What is Your Biggest Pet Peeve

by Attila on October 14, 2005

regarding abuse of the English language?

I know some of you are engineers, and unlikely to be upset about overuse of “hopefully.” But certainly you’ve come across some copy that refers to statistical changes in populations, and makes little/no sense. (“Incidence of blankety-blank dropped by 150% over two years.” “Rates increased by two-thirds, to 120 over the previous 100.”)

{ 7 comments }

buzz harsher October 14, 2005 at 11:48 am

“The death toll is expected to rise.”

As opposed to?

Byron October 14, 2005 at 12:12 pm

How about describing something as “10 times smaller” when they mean to say “one-tenth as large”? Argggggggggh!

Stephen Macklin October 14, 2005 at 3:59 pm

Totally Destroyed.

It’s either destroyed or damaged.

k October 14, 2005 at 4:13 pm

–“Percent” when one means “percentage points” – eg., “unemployment has increased two percent from 5% to 7%.”

–“In terms of…”

Although I have no business criticizing, really, since I love to amuse myself abusing the English language. Dangling my participles about, left and right. And such like that.

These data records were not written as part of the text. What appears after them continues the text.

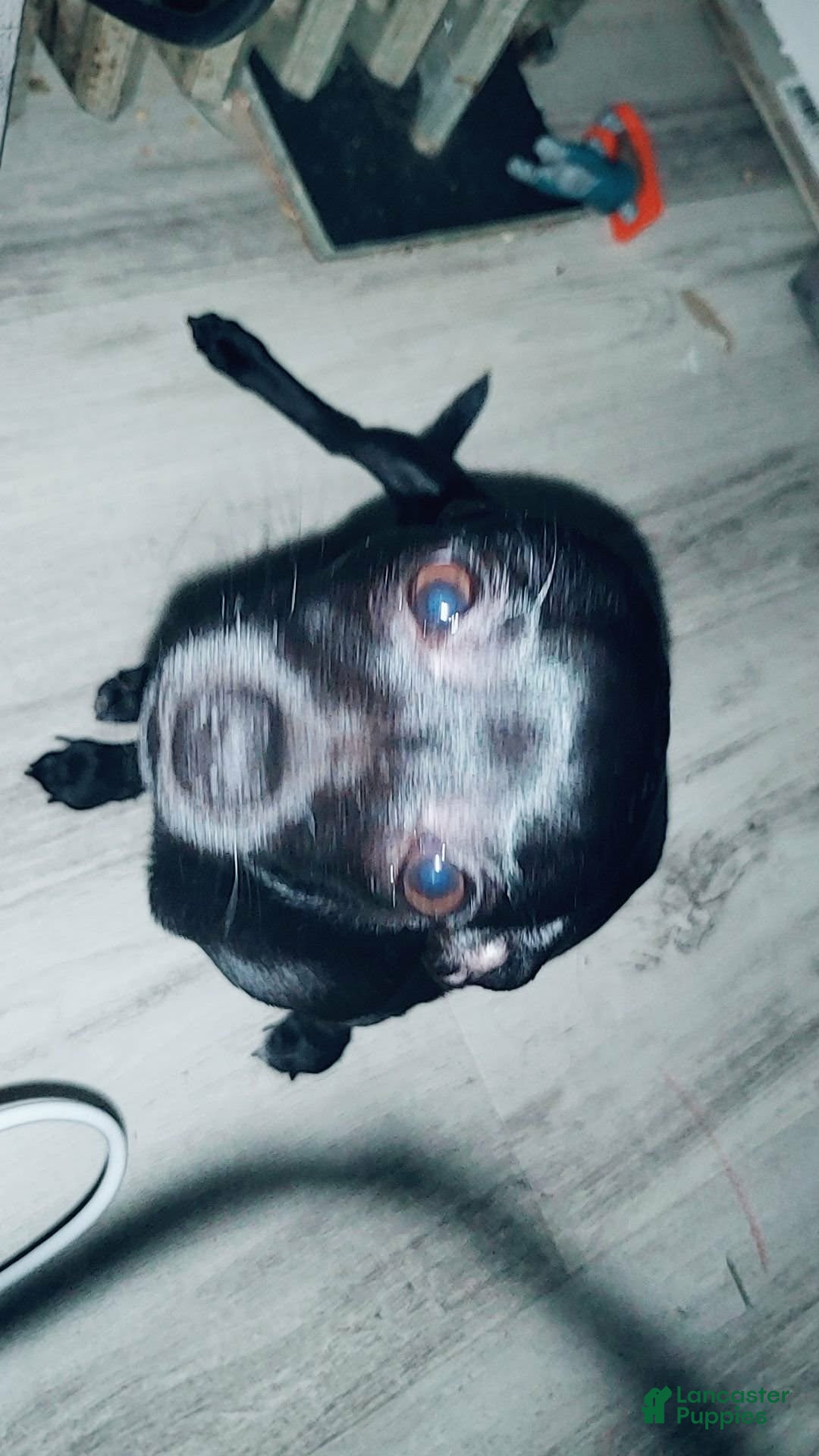 Chipoo dogs for sale: Chipoo Puppy 2 - Ad 16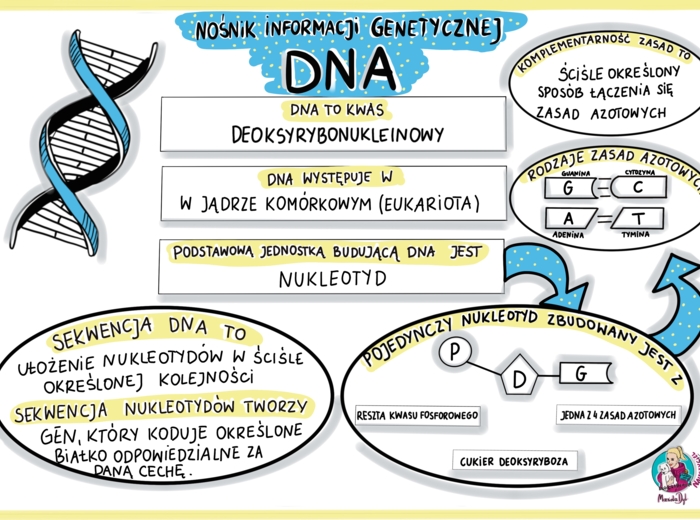 Nośnik informacji genetycznej - DNA - sketchnotka - klasa 8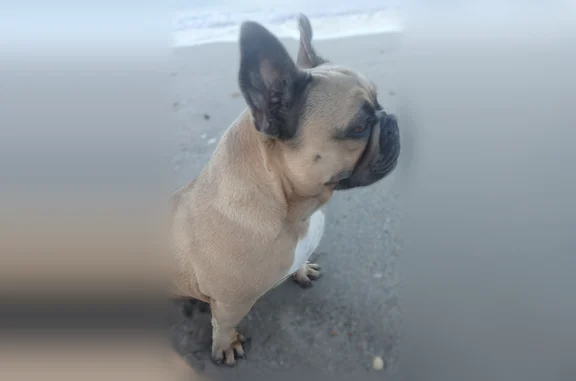 Lost dog, North G Street, 730, Lake Worth Beach, Lake Clarke Shores - female French bulldog, 28 lbs - photo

Watcher October 14, 2005 at 6:59 pm

“Let me axe you a question.”

Attila Girl October 14, 2005 at 10:39 pm

Well, now, I know “axe” doesn’t connote a high level of education. OTOH, I grew up saying “warsh” for “wash” because my family is from the Lower Midwest, and I was 17 or so when someone pointed out to me that there is no r in that word.

So I try to be humane about regionalisms (including “nucular,” which was apparently okay when Jimmy Carter was saying it, and then wasn’t a few decades later).

Seth Williams October 19, 2005 at 3:35 am

I teach ESL, so I hear painful abuse of the English language all the time. However, the one that really makes my teeth itch is:

“I ever (did something)”

They mean they “often did it”, and it’s traceable back to a bad translation in a popular Thai-English dictonary.